Here is exactly what we built to achieve that, and crucially, how we kept it cheap:
One account to rule them all: A single login gives access to journalism, book purchases, and event registrations.
First-party data: A custom CRM with marketing automation. We own the data, not a third-party platform.
Integrated upselling: We built our own payment gateway. When you buy a book, you can add a voluntary donation in the same checkout. The system splits the payment automatically in the background for accounting purposes.
Ruthless efficiency: It’s pure WordPress. Our total costs for third-party licenses (including e-commerce and newsletters) are €4k per year. We have no “success fees” punishing us for growth. We even managed to renegotiate a deal with a large payment provider - Do check your contracts; you may still be paying rates from 2022.
The result
We launched on October 15th. As I write this, 1,300 people have registered full accounts, and 10,000 are receiving automated, personalized content. Our new Editor-in-Chief, Kaja Puto, has broken the negative readership trend.
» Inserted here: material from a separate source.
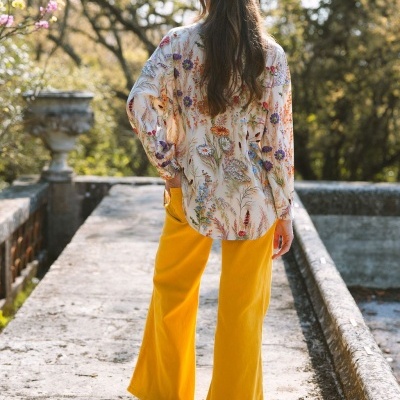 Pessoa com camisa estampada floral e calças amarelas largas vista de costas ao ar livre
We learned that infrastructure alone isn’t innovation, but without infrastructure, innovation is impossible.
And as for the tombstone?
A month before the launch, I started feeling unusually weak. Too tired, even for my neurotic standards. Everyone told me this is what the last leg of digital product development feels like. It’s burnout, rapid onset.
It wasn’t. It was Lyme disease from a tick bite I’d been carrying since the spring.
The tick is dead. Krytyka is alive. I’m on antibiotics now and somewhere in between, which is probably where most media people are these days anyway.